Pointing at a paper of bar-graph pinned on the wall of his office, Balazs said proudly that his team had contributed in the past month the most feasible suggestions to the company that included ways of saving cost and optimizing production processes.

"It's something like a competition regarding to how many useful advices we give. Teams compete, individuals compete, too," he told Xinhua in a recent interview.

If a piece of advice is accepted and really works, part of the earning or saving as a result of the modification will be given as a reward to the proposer, he explained. "That makes the entire company in good function, rigorous and vigorous."

However, said Balazs, things could have been the other way around if the Chinese did not show up.

BorsodChem, founded in 1949, was bought by British buy-out fund Permira and Vienna Capital Partners in 2006. But it ran into severe difficulties in 2008 due to a seized-up global market and the fact that the owners -- two financial investors, had little to offer in terms of technical innovation.

"The company was dying. We were about to lose our jobs. Families were in despair," said 38-year-old Ombodi Gabor, a colleague of Balazs.

One in 10 in Kazincbarcika, a town with a population of about 30,000, works at BorsodChem, Gabor estimated. Many local young people studied chemicals to work for the company, the only big employer available near home, but only to find the "global" financial crisis was so close in reach.

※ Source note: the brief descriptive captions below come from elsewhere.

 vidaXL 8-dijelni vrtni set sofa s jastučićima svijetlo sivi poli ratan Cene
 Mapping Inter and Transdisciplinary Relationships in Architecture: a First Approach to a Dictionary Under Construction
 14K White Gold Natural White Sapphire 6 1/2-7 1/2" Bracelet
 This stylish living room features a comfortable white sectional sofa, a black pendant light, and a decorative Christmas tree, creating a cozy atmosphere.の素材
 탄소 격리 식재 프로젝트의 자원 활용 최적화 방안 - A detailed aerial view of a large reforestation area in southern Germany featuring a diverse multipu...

In 2009, Wanhua Chemical Group, one of a number of Chinese companies that were "going global," started negotiations to buy BorsodChem's mezzanine debt. It acquired the full control two years later, when the company had a debt of some 150 million euro (about 160 million U.S. dollars).

A chemicals giant based in Shandong Province, Wanhua started the restructuring of BorsodChem in a timely fashion, brought in advanced techniques and new ways of management. Moreover, it cut no jobs.

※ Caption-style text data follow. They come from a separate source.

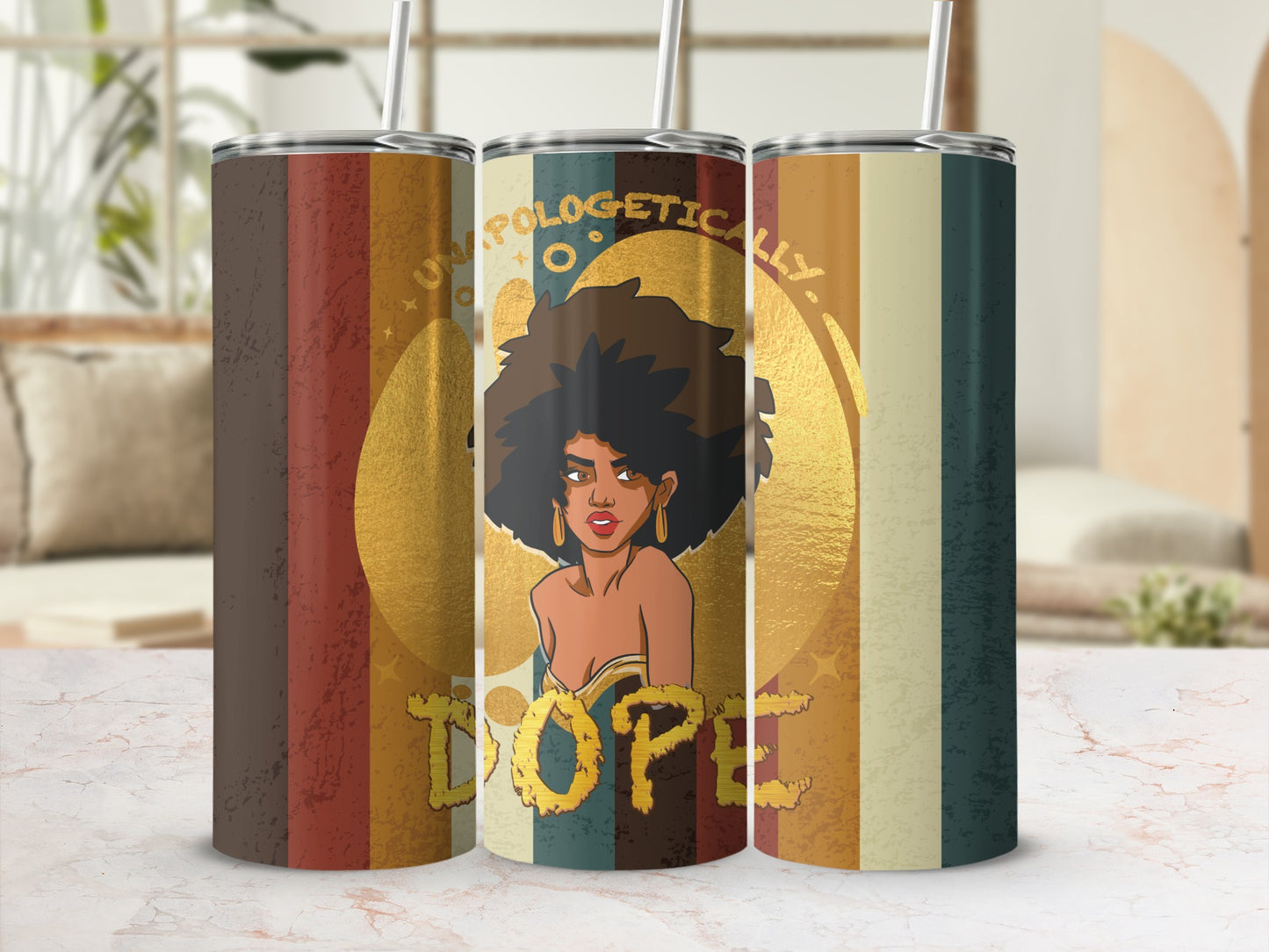Tumbler with retro stripes, woman, and "Unapologetically Dope" text.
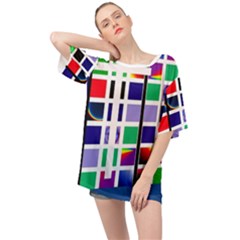 Color Graffiti Pattern Geometric Oversized Chiffon Top by Hannah976
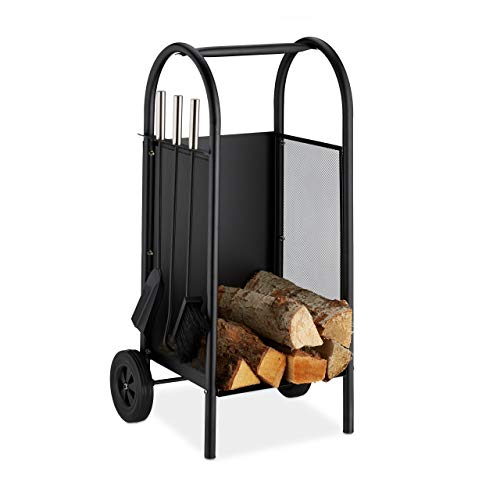 Relaxdays Leñero con accesorios de chimenea, Soporte portátil, Pala para cenizas, Cepillo & Atizador, Negro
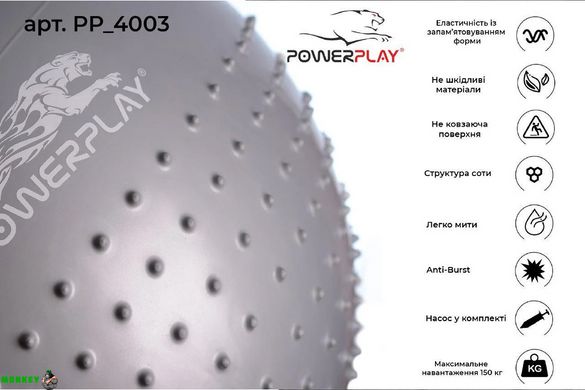 Мяч для фитнеса PowerPlay 4003 65см Light-grey + насос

"There were over 3,300 workers, and the company was in the rim of 'liquidity zero.' But no one was fired," said Berecz Ostod, a folklift driver at a BorsodChem warehouse.

The move also saved troubles in the upstream and downstream businesses like logistics. "Wanhua is professional in the industry. It has the confidence in rejuvenating BorsodChem and continuing to feed us. And we trust it," said Ostod.

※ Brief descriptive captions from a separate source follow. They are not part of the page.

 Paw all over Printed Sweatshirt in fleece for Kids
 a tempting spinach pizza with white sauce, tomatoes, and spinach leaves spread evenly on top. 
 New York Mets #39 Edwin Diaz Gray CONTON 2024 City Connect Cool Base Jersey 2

The new owner also invested in environmental protection and safety production so as to allow the company grow in a sustainable way.

BorsodChem was turned from loss to gain in 2014. In 2015, its net profit (before adjustment) totaled 50 million euro (about 54 million U.S.dollars), and the figure of 2016 might reach 90 million euro (about 96 million dollars).

The company has become a healthy cash generator, with its margin of earnings before interest, taxes, depreciation and amortization in 2016 being the top among the peers in Europe.

As the Hungarian government lauded BorsodChem's rebirth as a model of the development of Chinese-Hungarian business relations, Hungarians in China also see such collaboration inspiring and encouraging.

"We only hear about positive things about the operation (of BorsodChem)," Rupert Varnai, CEO of Cathay Associates, a global legal service network specialized in Chinese companies' global expansion, told Xinhua in Shanghai.

Varnai, a Hungarian, said it seemed that Wanhua followed the golden rules of M&A (merger and acquisition), as it was prepared for unforeseen compliance issues, paid attention to the fusion of Chinese and European employees, and was able to create its own management culture.

Varnai holds an even brighter forecast for China-Hungary interactions, as the Belt and Road Initiative goes gradually from paper to reality.

"The presence of Huawei, ZTE, Bank of China, the Chinese involvement in the Budapest-Belgrade railway line, and the continuously growing number of tourists, etc. are all signs that the expectations are right and are in synergy with the Belt and Road Initiative and Hungary's Eastern Opening policy," he said.

"A lot more can be expected both in the short and the long run," he added.

(Yang Yongqian in Budapest, You Zhixin in Shanghai contributed to the story.)